Thanks @ArdiMaster, that regexp could well be useful, but @otistdog wow you nailed it, thanks!

I was a little pleased to see my game understands more than 1,000 words.

This is totally a good idea. A fair amount of work but probably worth doing.

This is perhaps more annoying than the working solution you have already… but worth noting that it’s possible to dump the dictionary of any Zcode file, since it’s stored in a fairly structured way. (I’m working on a Z-machine that takes handwriting input, where I can’t modify the input stories, and this approach has been working well.) ZTools might be helpful if you end up going down that road?

I’m not sure if there’s any equivalent way to grab the dictionary from a Glulx game. (From my brief look at the spec, Glulx seems more general purpose and thus rather more difficult to extract data from.)

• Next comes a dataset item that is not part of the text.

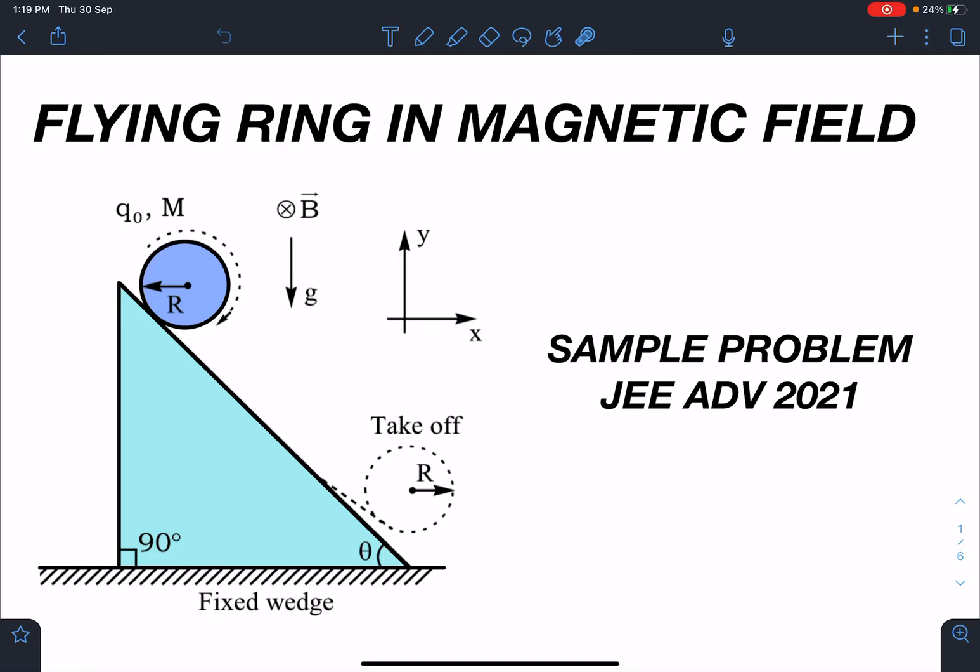Hello everyone, welcome to my channel Indian School of Physics. This is Nathan here and today I have come with a sample problem for JEE Advanced 2021. It is just a speculation that a problem like this, or involving such concepts, may come — so it's just a guesswork. It is a flying ring in the magnetic field.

Incidentally, my experience from using this data for handwriting recognition is that:

  • You want a fairly strong bias towards commands that the player will either use constantly (directions, look) or use to get help (help or about, mostly) since if they don’t work it’s likely to constantly irritate the user. Thankfully a pretty short list.
  • For other words, a modest bias is helpful, but not so strong that it makes it hard to recognize words outside the dictionary. (Users don’t know the dictionary – and they probably shouldn’t – so they can’t tell a recognition failed because it’s not a dictionary word… it just feels like the thing not working well.)

I haven’t yet found much payoff from going any finer than that. Your mileage may very of course!